Canada's population has shrunk again, declining for a third straight quarter according to new figures from Statistics Canada. The data points to a demographic shift that experts say the country has been slow to confront. It also places Canada among a growing number of nations now grappling with the prospect of a shrinking population.
According to Statistics Canada, the population decreased by about 55,000 in the first quarter of this year, falling to just over 41,400,000. That represents a drop of roughly 0.1% from the start of the year on January 1st, marking the third consecutive quarter in which the total has gone down rather than up.
A central factor is the balance of births compared with deaths. Canada's fertility rate has fallen to a record low of 1.25, far below the level a population needs to remain stable on its own. The combination of fewer births and an aging society is reshaping the country's long-term outlook.

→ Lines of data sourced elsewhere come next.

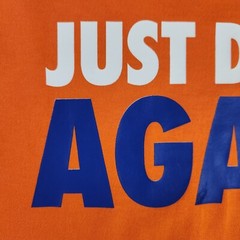 Nike Just Do It Again Men’s XL Orange Long Sleeve T-Shirt Ribbed Cuffs NWOT Flaw
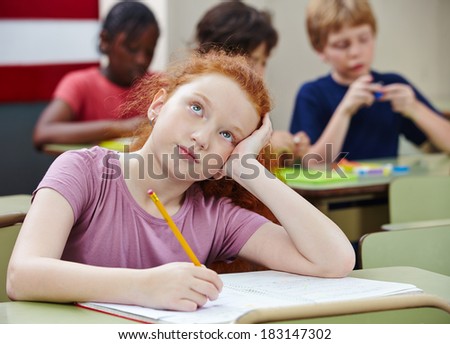 Pensive girl in elementary school class thinking and writing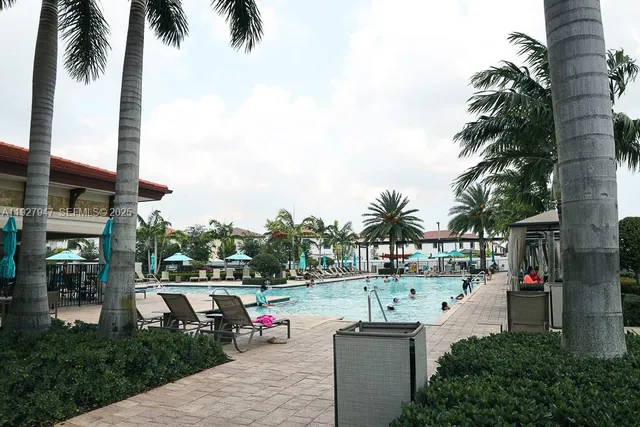 a very nice looking living room with a large window and potted plants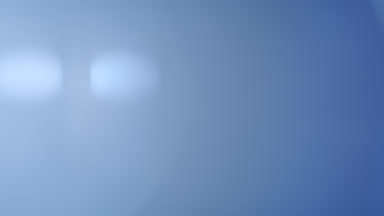Cool light leak veiling flare rises vertically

The trend is not unique to Canada. Populations are shrinking across much of the world, and a Canadian population-change expert noted that while aging is a common theme in national discussions, the idea of outright depopulation and shrinking has not really been part of the conversation. He argued that Canadians should be talking about it much more.
That expert, identified as Hartwell, suggested the shift does not have to be seen as a catastrophe. The global population, he said, will probably begin to decline before the end of the century, and the task is to make the best of a difficult demographic situation rather than to panic, a process he likened to making lemonade out of a tough hand.
Part of the reason Canada has not dwelled on the issue, the expert said, is that the country has historically been far more a nation of immigrants. That reliance on newcomers, he noted, allowed Canadians to avoid thinking too hard about the underlying changes in their own population over the years.
The Canadian numbers landed as attention turned abroad for possible lessons, particularly to South Korea, where a much steeper collapse in births has prompted aggressive measures such as matchmaking parks, baby bonuses, heavily subsidized housing and state-funded fertility treatment. With Canada's own fertility rate at a record low, observers suggested those experiments are worth watching closely.